╭─ EXTRACTED ENTRIES
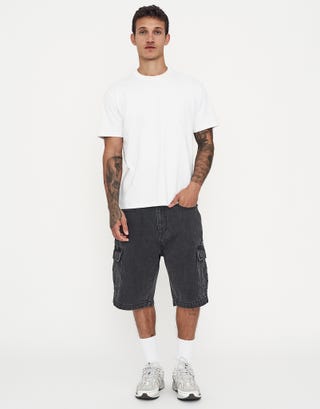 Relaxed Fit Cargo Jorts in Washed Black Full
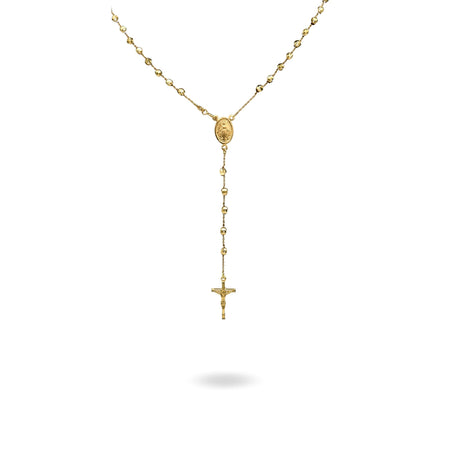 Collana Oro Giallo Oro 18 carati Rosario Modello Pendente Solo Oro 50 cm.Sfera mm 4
╰─
╭─ EXTRACTED ENTRIES
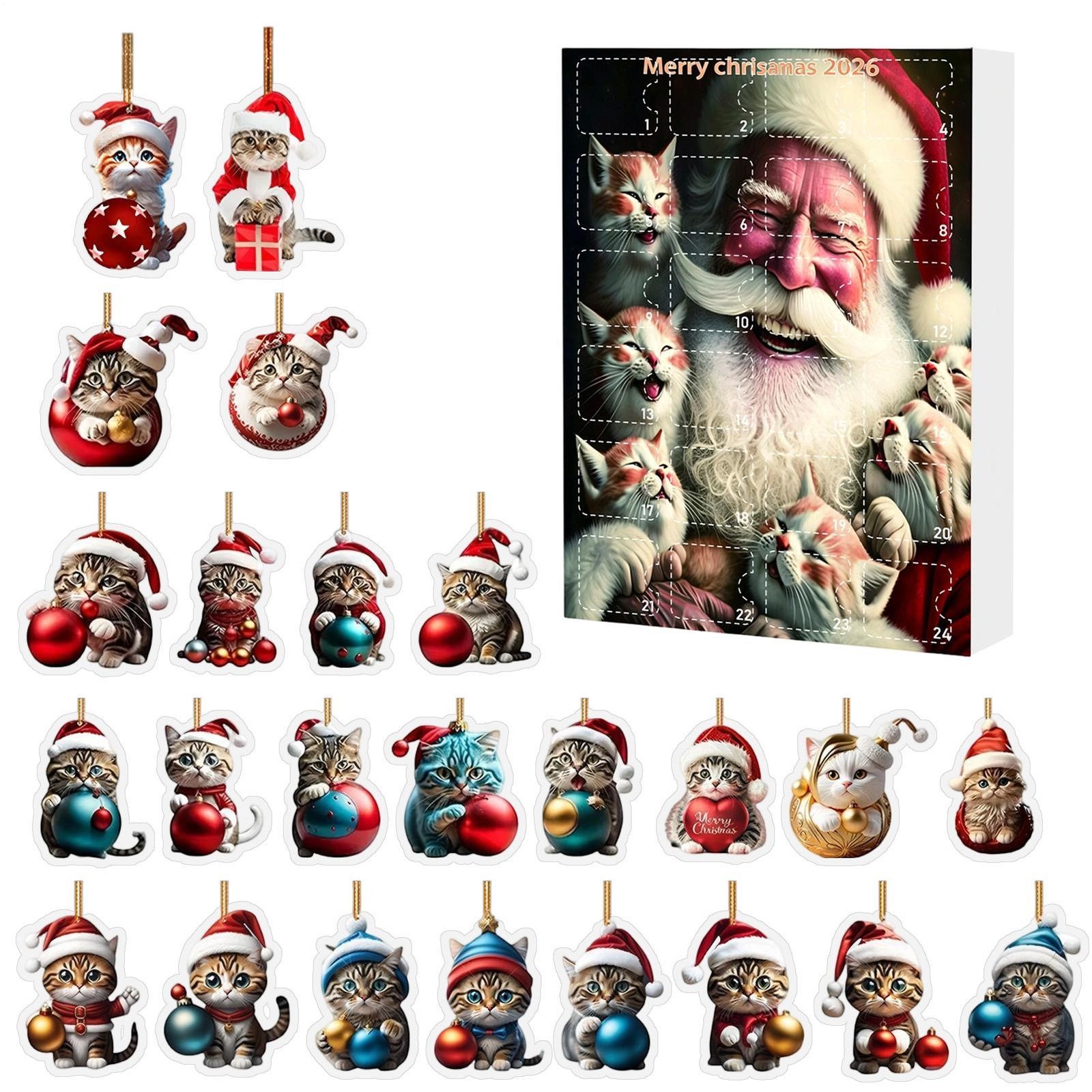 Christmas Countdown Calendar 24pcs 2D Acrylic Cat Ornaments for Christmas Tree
╰─
* [WHAT TO DO] In the data above, the stretch from the line with "Relaxed Fit Cargo Jorts in Washed Black Full" through the line with "Collana Oro Giallo" is to be returned exactly, minus any pictures.

* [ANSWER TO THIS TASK]
 Relaxed Fit Cargo Jorts in Washed Black Full
 Collana Oro Giallo Oro 18 carati Rosario Modello Pendente Solo Oro 50 cm.Sfera mm 4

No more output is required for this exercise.